Hormones and Menopause - DISCUSS!
My success rate with hormone replacement therapy has not been that great since surgery. First, my OBGYN forgot to put a hormone patch on me post-surgery, which I didn't notice until a week after surgery. I came to my mom, who was graciously helping us out (AKA cleaning my cluttered TINY apartment), and said, "Mom, I feel crazy." She replied that I should have a hormone patch on my hip and promptly made me drop my drawers in my front room to find it. Needless to say, it wasn't there, hence the craziness.
As an aside, I thought the anti-nausea patch that the anesthesiologist put behind my ear was my hormone patch and, as a result, had been walking around with it on for a full week. So stylish.
I called the doctor and made an appointment for the next morning, where I learned that my Obamacare plan didn't cover hormone patches, just old school pills. I just wanted to not be the mean crazy lady, so I took what I was given. I was STILL crazy, just not as crazy as I was without hormones.
Back to the doctor I went, and there was a new mom in the waiting room with the cutest new twins. As I quietly admired them and secretly hated her guts, I barely made it to the scale before I was a sobbing, ugly mess. (This is the real reason I see a female OBGYN. Sobbing, screaming, crazy women don't scare her as much as they would a man.) She gave me more kleenex, doubled my dose, and sent me on my way.
A week later I was out of pills (thank goodness it wasn't birth control!) and even crazier. I spoke with one of the office gals, Leah, who was nice enough to let the doctor know about my dilemma. Commence horrendous problems! The doctor ordered an estraidol blood test to prove to the insurance that my body wouldn't absorb pills, which (surprise) came back low. She then called in a prescription for the patch, and it was rejected by the insurance. My pharmacist is awesome, and filled out his side of the forms and got them back to Dr. Reddington's office the same day. Then I had to call my insurance and have them fax the other portion to Dr. Reddington as well.

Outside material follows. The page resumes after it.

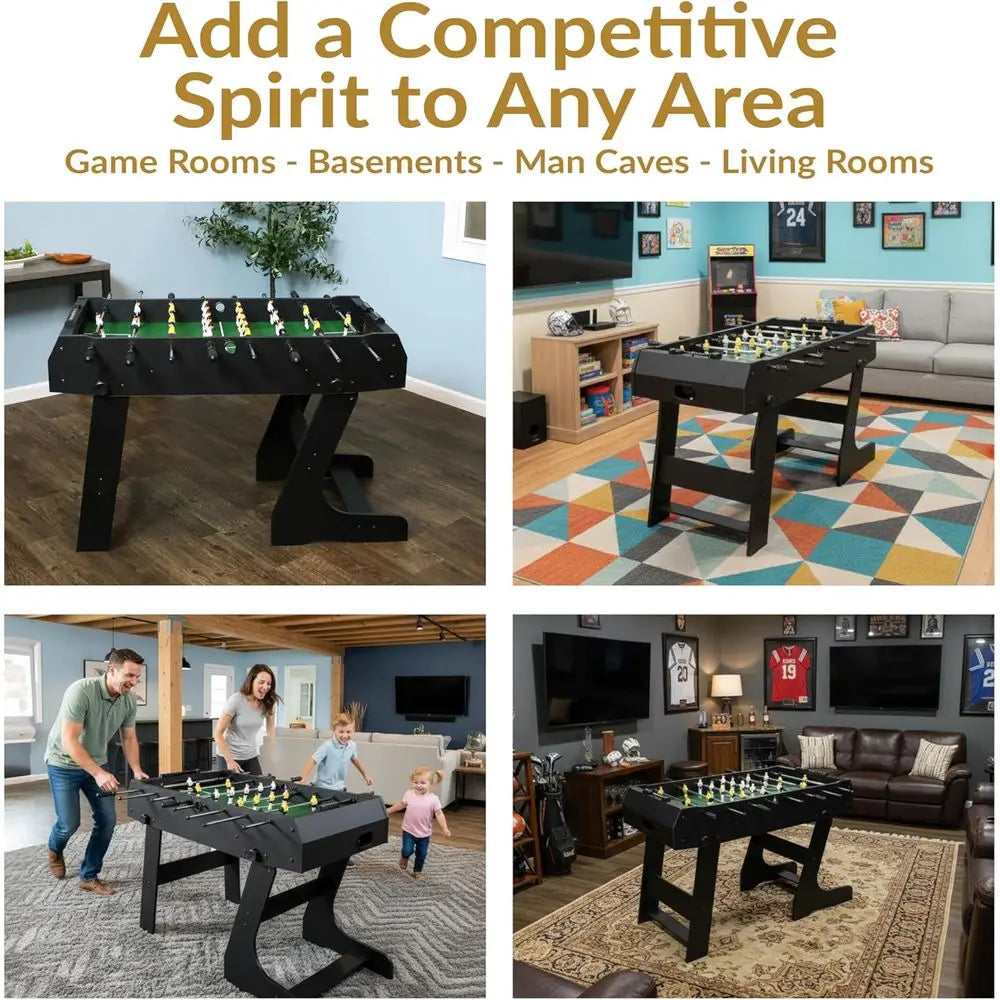 Foldable Foosball Table for Indoor Family Fun and Kids Playtime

I got my patch today, and my bargain basement co-pay was $85.00. Retail is $200.00. Thank goodness I pay for insurance? I guess? But the good thing is I AM A NEW WOMAN. I FEEL SO NORMAL! I didn't think I would ever feel healthy or normal again. I want to cry because I have been up since 9:00AM today, and I was up and doing things all day yesterday, too. It's a miracle, no joke! The coolest part is that I put the patch on at 3:00PM and by 5:00PM, I felt like a normal human for the first time in ten years. TEN YEARS, people! I want to cry just typing that.
This is The Important Thing
I missed out on ten years of my life because I just went to my regular doctor with pelvic pain, and I was referred to an OBGYN who said I had PCOS and put me on birth control. When I returned the next year with continued pain, and worsening pain during sex, I was told that I wasn't doing it right. Feeling defeated, I just got pap smears when needed and lived in exhaustion and immense pain for 10 years. If I hadn't gone to the emergency room thinking that I had appendicitis, I can't even imagine what would have happened. If you are sick, if you are in pain, if it doesn't get better, be persistent! Get a second, third, and fourth opinion! Spend as much money on your health as necessary, because not living, just existing, is not worth all the money you'll spend working to get better.
Each new doctor I'd see, each time I'd tell my story AGAIN, and each time they'd poke and prod AGAIN, I became more sure that maybe it was in my head. But it wasn't. It was in my ovaries. They were making my whole body sick. I was so sick that I couldn't work, I couldn't keep plans with friends or family, and I spent every dime I had trying to get better. I tried Eastern medicine, I tried every new fad, every new diet, every new concoction, all in hopes that I would feel better, and I never did. And it wasn't until my ovaries were the size of softballs and had started to become cancerous that I knew it wasn't in my head.
To those of you struggling, listen to your body. DON'T GIVE UP. Advocate for your care. Pray to Heavenly Father to lead you to the right medical professionals, no matter what kind they are, and then make getting healthy your full time job.
I am so grateful to feel normal. I'm not, nor will I ever be, a size 4 beauty queen. I'm not queen of the crossfit gym (let's be honest, I'd rather write, read or sew...), but I am normal, and I shed tears of gratitude to be normal today.